The fist house shown is my grandmas house,not there now and the other one by the lane has also gone,her name was Mary coffee Joyce rip.
We must be related
FHESTY was a great lad for a bit of iomanaiocht.... mornin, noon n evening he'd be amacht fiddlin with his hurl. On leaving fair isles shores in 1987, he arrived in JFK hurl in hand. Time Sq saw him meet an irish lad with a hurl - turned out they were cousins ..... the two Hurley lads..... only man to bring a hurl into a U2 concert - FHESTY conquered America in his own way too but never made the cover of Rolling Stone Magazine.... not yet anyway !
*There's a very interesting documentary called "No Bearla" on UA-cam if anyone is interested*
*It's where a native Irish speaker (Manchán Magan) travels around Ireland trying to only speak Irish*
Saw this, Manchàn was bound to be let down trying to speak as gaeilge in a shop in Dublin, made for better TV probably
i don't think Manchán is native
He’s not native. In fact he needs to improve his pronunciation.

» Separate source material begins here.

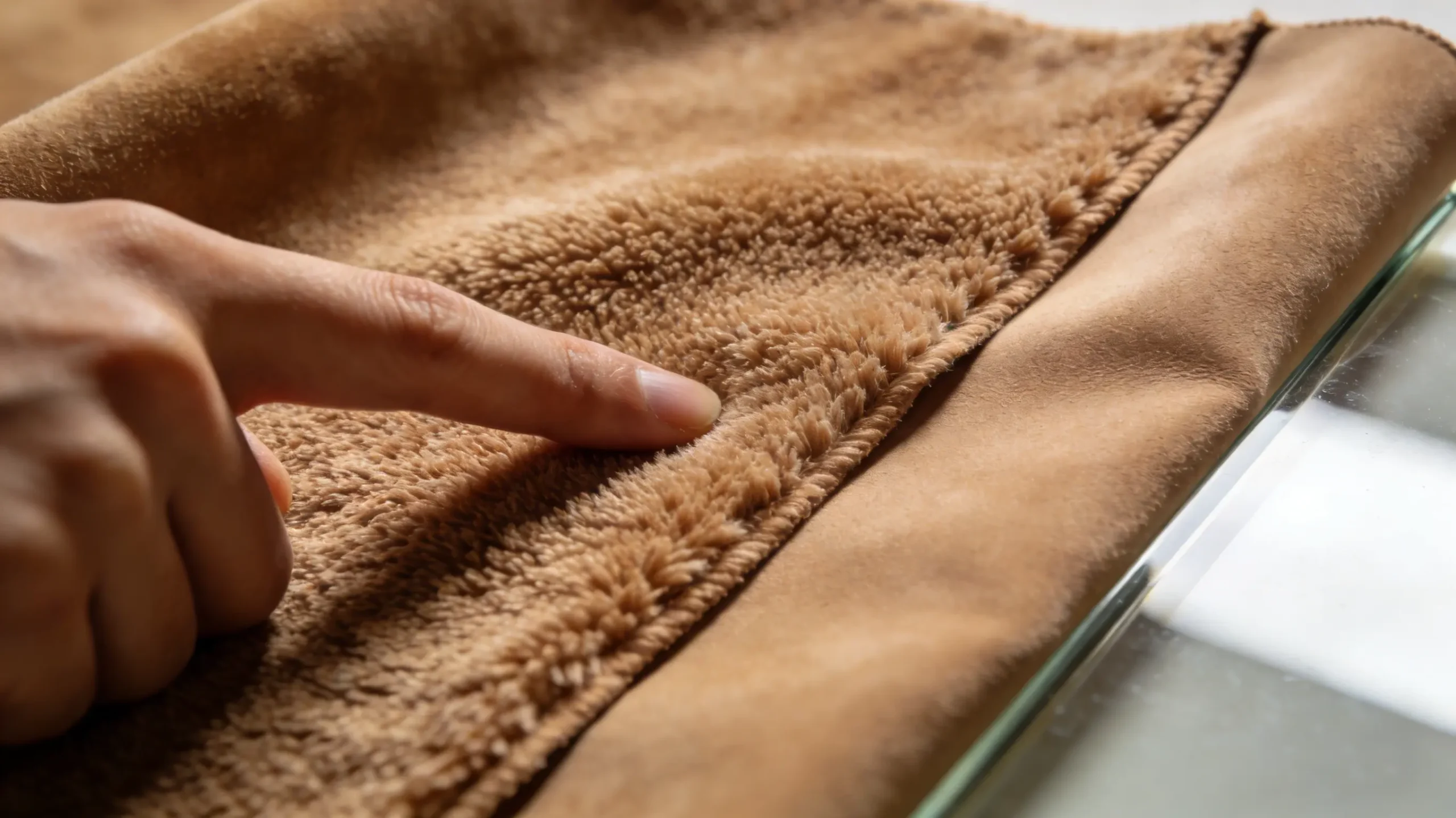 A dedicated glass cleaning cloth with a tight weave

Bluestone mixture applied for preventing potatoe blight at the end of video
You won’t find a more Gaelic, Irish-speaking region than Ceantar na nOileán! Especially Oileán Gharmna.
Ní raibh mórán againn ach bhí muid happy❤
'Bhfuil sibh happy go fóill?
The people were poor but they were happy. 😊
I have heard that said many times, but I am not sure that is completely true, there were also a lot of sadness caused by members of families who had emigrated to far off lands and did not return back home many times during their lives
they truly extolled the virtue of poverty
Does anyone care to put the words spoken into text? I can understand a bit of it but find the accents very difficult to understand. Trying to improve my gaeilge after not speaking it since leaving in ng school. GRMA
Beautiful scenery but it never put food on the table
part of what you said is true about ty he beautiful scenery, there was always food on the table but it was not plentiful
Let's face it, how many irish people profess how they'd like to learn and improve their irish, actually end up doing it? Theres far too many distractions for young people now. Try speaking irish in non gaeltacht areas in in shops or pubs and ive no doubt youll get a look as if youve two heads.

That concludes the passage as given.